Analysis of Cost Data.

Resource use was quantified and valued in Sudanese pounds (SDG) in the year during which the resource use occurred. Costs were converted to US dollars using the prevailing average exchange rate for the period. All costs were valued in 2011 US dollars, after adjusting for inflation using the consumer price index for Sudan. Prices derived from the WHO-CHOICE (choosing interventions that are cost effective) database (15) were converted from international dollars using a purchasing power parity (PPP)-to-local currency ratio (1 international dollar to 1.28 SDG) for 2009.

In all cases, economic costs are presented, which are also known as opportunity costs. Economic costs represent the value of a given resource in its next most appropriate use. As such, capital costs, including vehicles, buildings, LLINs, and spray equipment, were annualized and discounted using assumed lifetimes and a social discount rate of 3%.

Cost Outcomes Sensitivity Analysis.

Two types of outcome were measured: a process measure, numbers of persons living in clusters with vector control per year (or person-years of protection), and the effectiveness of the interventions in terms of incident cases of malaria prevented.

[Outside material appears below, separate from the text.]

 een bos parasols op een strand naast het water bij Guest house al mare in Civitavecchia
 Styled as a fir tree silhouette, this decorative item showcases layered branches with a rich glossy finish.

Because most cost models and assessments are dependent on assumptions about quantities of resources used, prices of resources, and allocation of shared costs, it is necessary to conduct a sensitivity analysis to attempt to determine the robustness of the cost assessment to various assumptions made during development of the model. A one-way sensitivity analysis was conducted to determine the robustness of the cost model to various assumptions made during the assessment. Parameters, which were varied, included discount rate, prices of LLINs and insecticides used, allocation of shared costs, numbers of persons protected by the interventions, and baseline malaria incidence.

Ethics.

The study was approved by the Ethics Committees of the London School of Hygiene and Tropical Medicine (approval no. 5825) and Federal Ministry of Health, Sudan (approval no.116-12-09). The study was registered on ClinicalTrials.com (registration no. NCT01713517).